• _What the task requires_
Every line from the start of the entries up to and including the one bearing "conifer 064 — Скачать" must be printed verbatim, without the pictures.

______

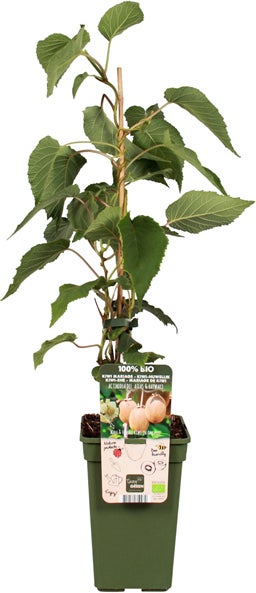 Kiwi (Actinidia chinensis 'Huwelijk') D 19 H 50 cm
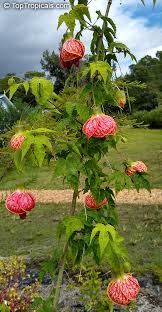 Image result for Abutilon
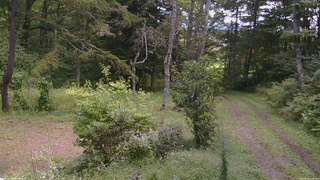 長野県菅平高原 ゆたか山荘 坂上 2026/09/13 11:00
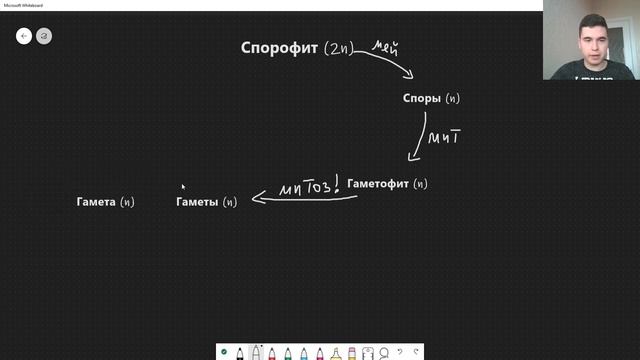 BioFamily: Общая схема жизненных циклов растений за 9 минут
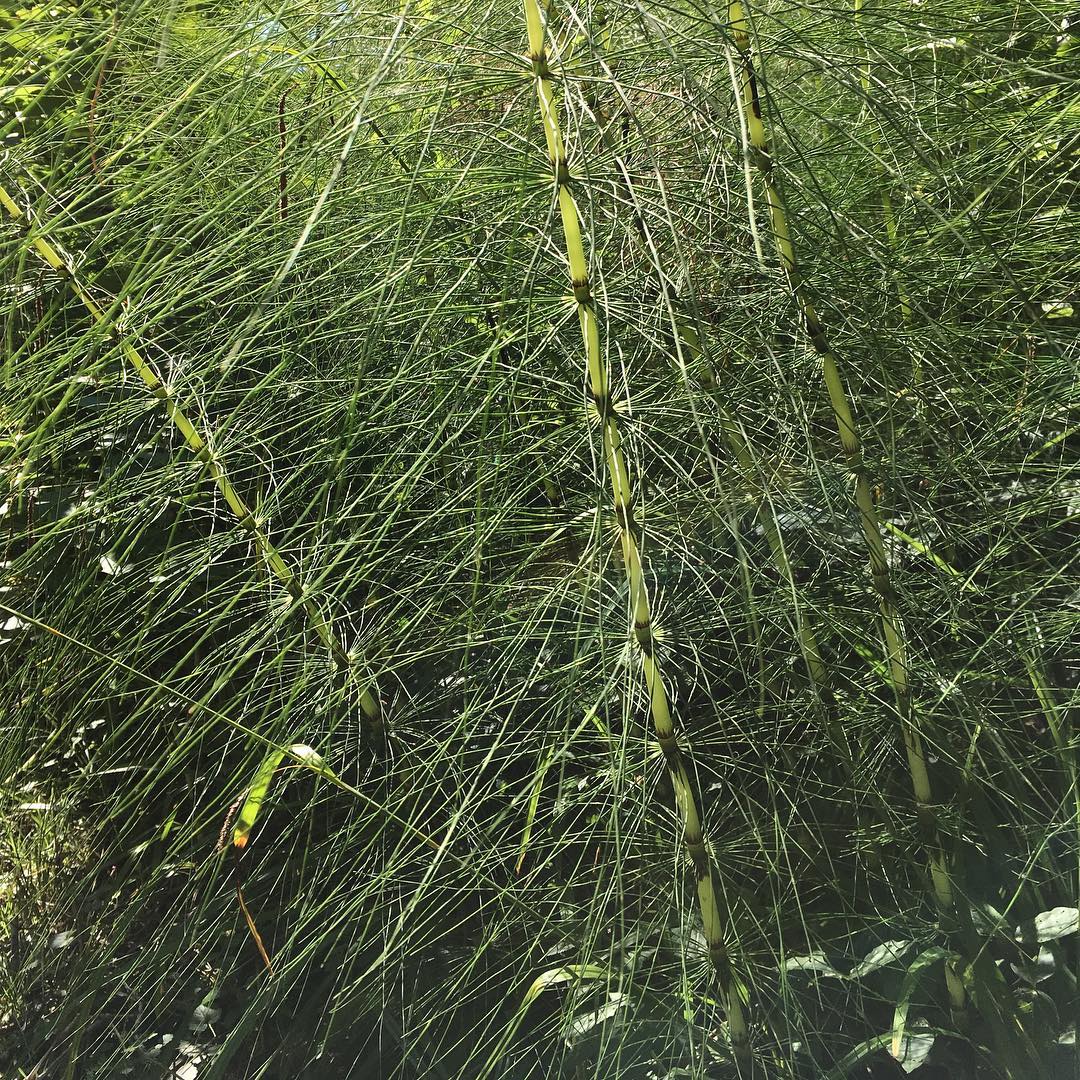 I don't know this plant. Anyone recognise it?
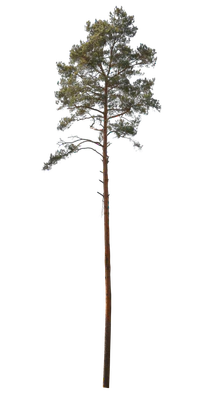 conifer 064 — Скачать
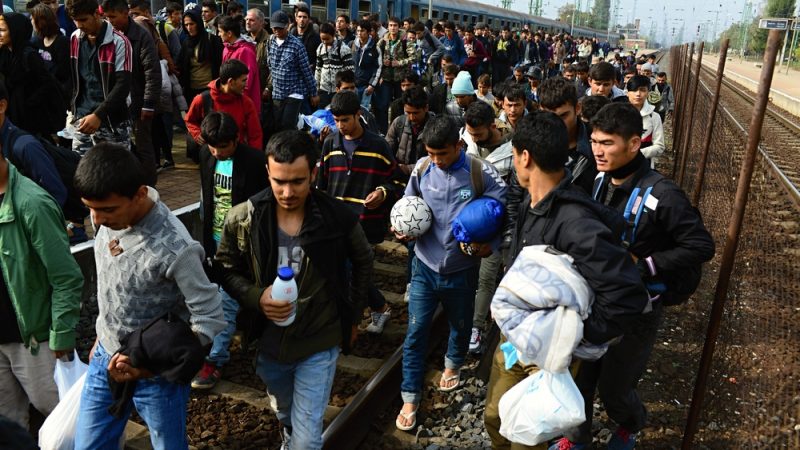Izbori u Njemačkoj: Različiti prioriteti stranaka oko politike migracija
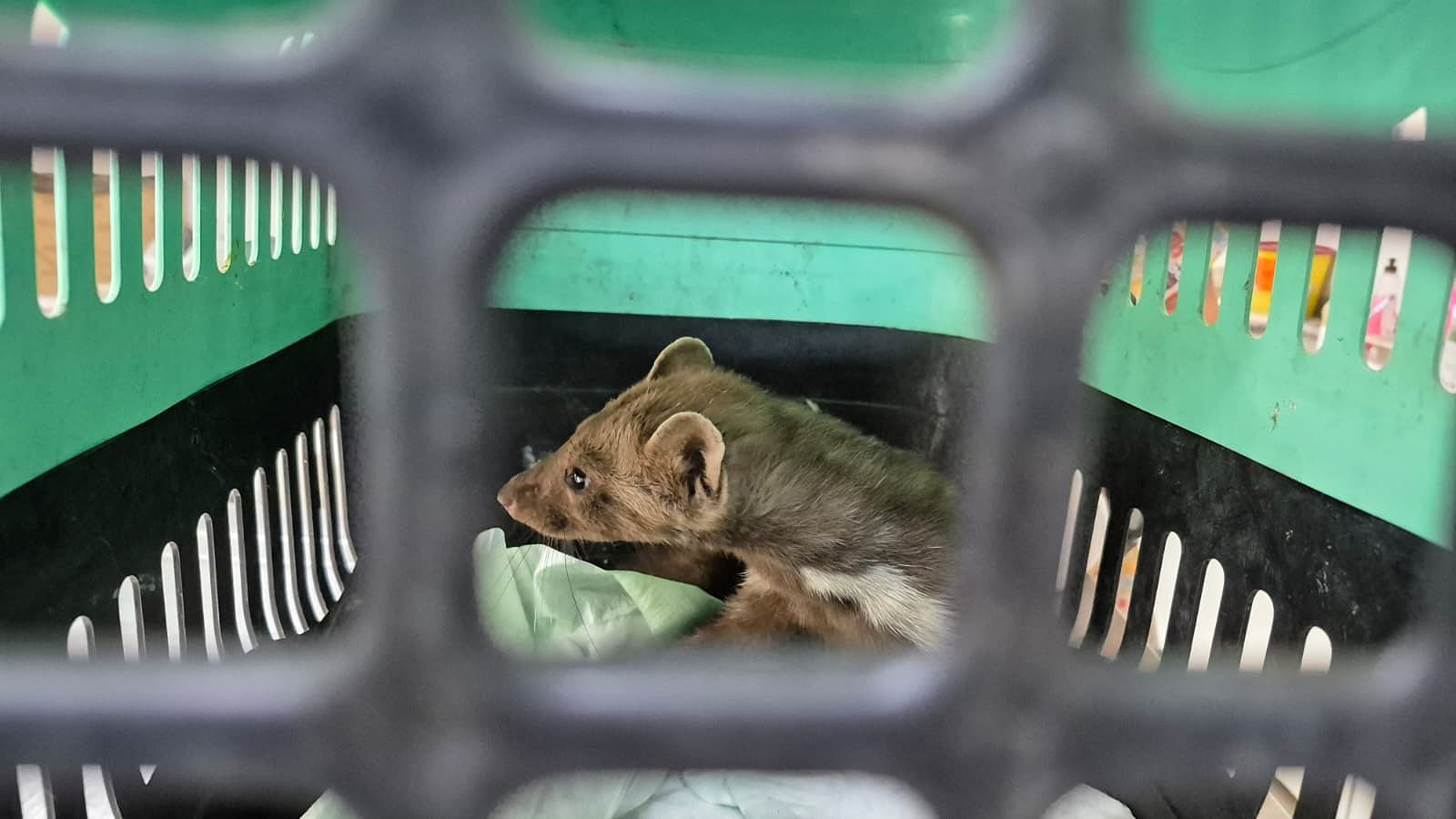 Kuşadası Belediyesi yaralı gelinciğe yaşam umudu oldu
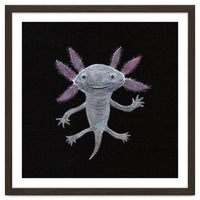 Axolotl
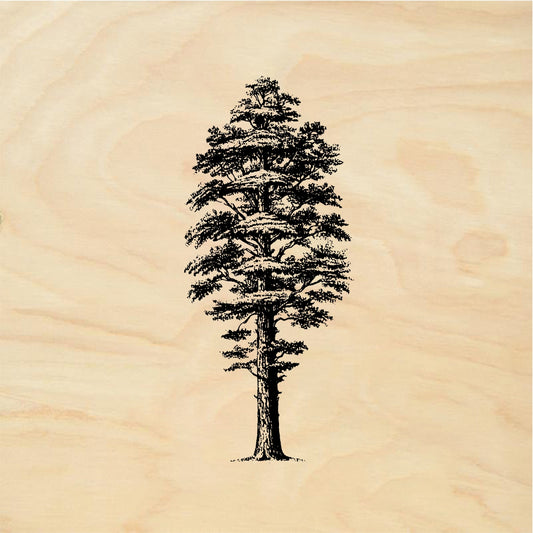 StampaFe Giant sequoia Tree - Rubber Stamp 1 x 2.5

______

• _Task answer_
 Kiwi (Actinidia chinensis 'Huwelijk') D 19 H 50 cm
 Image result for Abutilon
 長野県菅平高原 ゆたか山荘 坂上 2026/09/13 11:00
 BioFamily: Общая схема жизненных циклов растений за 9 минут
 I don't know this plant. Anyone recognise it?
 conifer 064 — Скачать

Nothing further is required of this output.